Exercise directions:
For the listing below, output exactly the lines from the line with "luckyest_clover's tweet photo." up to and including the line with "Donna Powers-Koontz Email & Phone Number", and no other lines.

Supplied information:
----------------

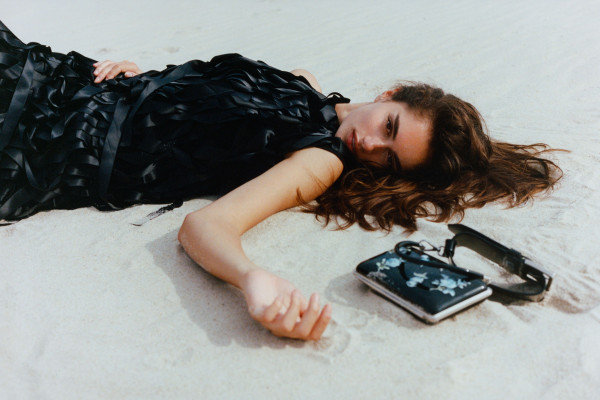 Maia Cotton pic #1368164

----------------

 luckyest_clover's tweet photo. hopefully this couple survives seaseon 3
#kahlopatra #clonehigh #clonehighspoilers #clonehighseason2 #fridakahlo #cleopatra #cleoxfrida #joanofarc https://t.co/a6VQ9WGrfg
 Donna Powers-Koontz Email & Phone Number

----------------

Reply to the task:
 luckyest_clover's tweet photo. hopefully this couple survives seaseon 3
#kahlopatra #clonehigh #clonehighspoilers #clonehighseason2 #fridakahlo #cleopatra #cleoxfrida #joanofarc https://t.co/a6VQ9WGrfg
 Donna Powers-Koontz Email & Phone Number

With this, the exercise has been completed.